WHAT TO WORK ON -> In full and exactly, reproduce the entries below, but omit the pictures.

DATASET EXTRACT ->
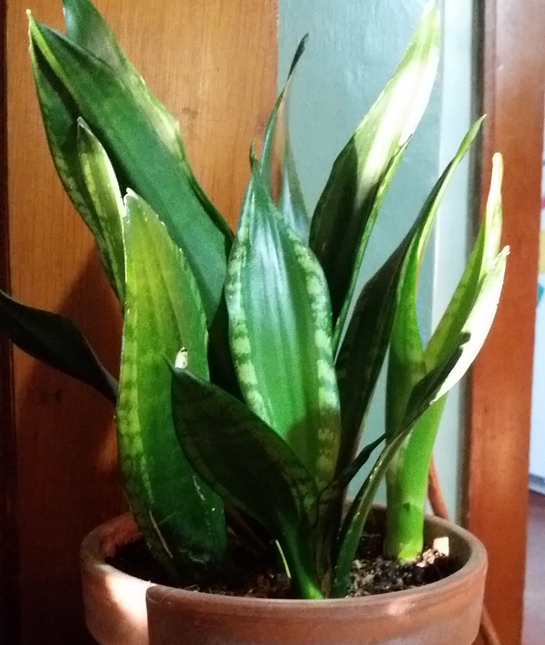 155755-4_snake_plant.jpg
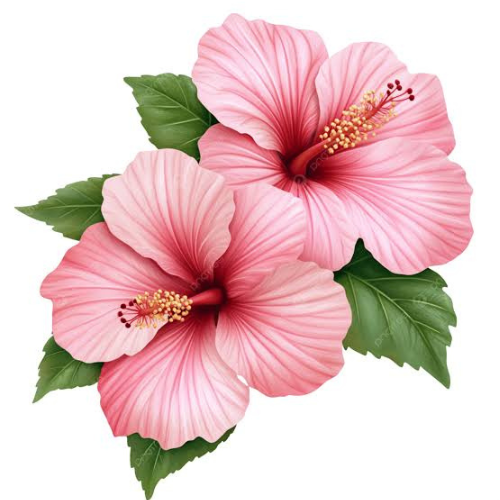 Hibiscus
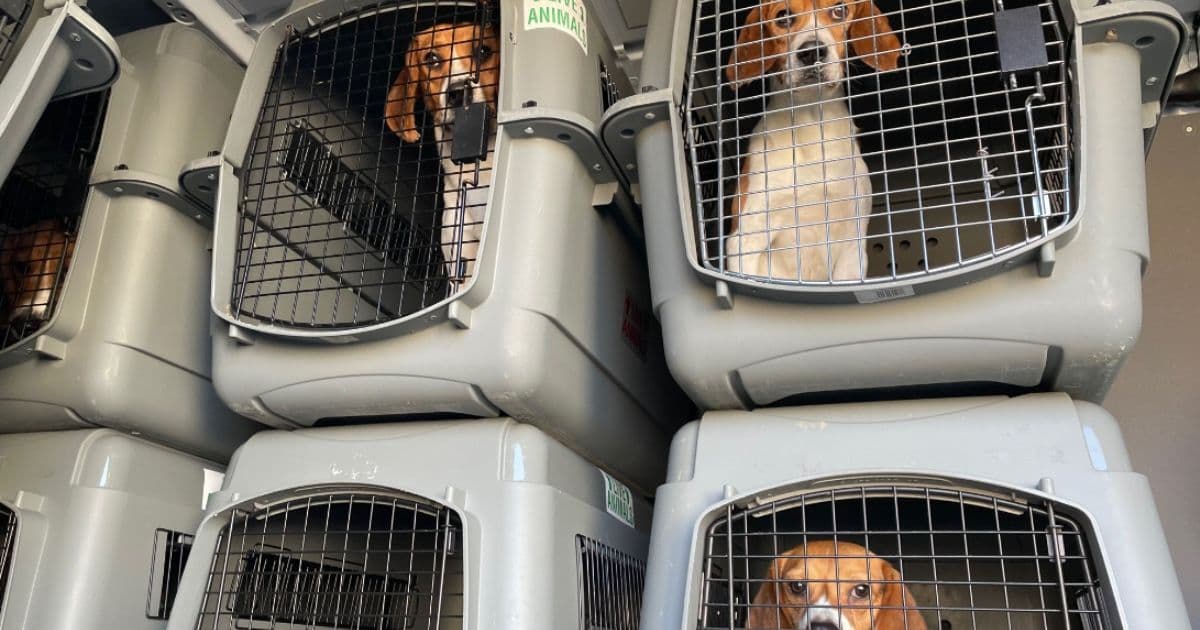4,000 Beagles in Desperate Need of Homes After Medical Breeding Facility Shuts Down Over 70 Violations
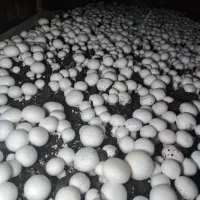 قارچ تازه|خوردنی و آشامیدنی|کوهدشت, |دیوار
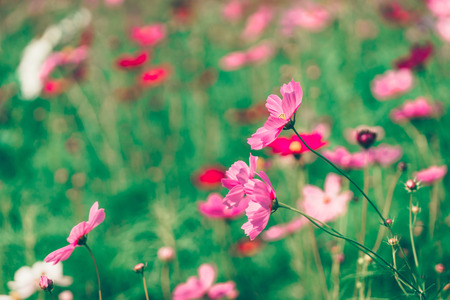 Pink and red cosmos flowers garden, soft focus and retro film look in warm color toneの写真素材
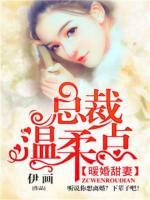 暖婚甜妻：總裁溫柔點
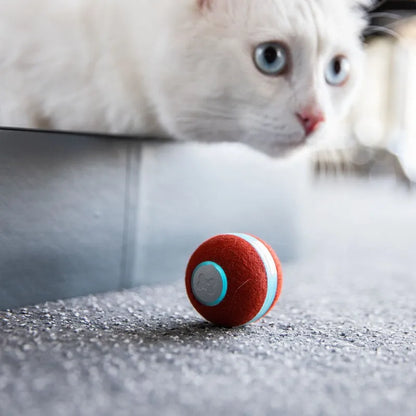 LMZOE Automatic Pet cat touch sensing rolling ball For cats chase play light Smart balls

EXERCISE RESPONSE ->
 155755-4_snake_plant.jpg
 Hibiscus
4,000 Beagles in Desperate Need of Homes After Medical Breeding Facility Shuts Down Over 70 Violations
 قارچ تازه|خوردنی و آشامیدنی|کوهدشت, |دیوار
 Pink and red cosmos flowers garden, soft focus and retro film look in warm color toneの写真素材
 暖婚甜妻：總裁溫柔點
 LMZOE Automatic Pet cat touch sensing rolling ball For cats chase play light Smart balls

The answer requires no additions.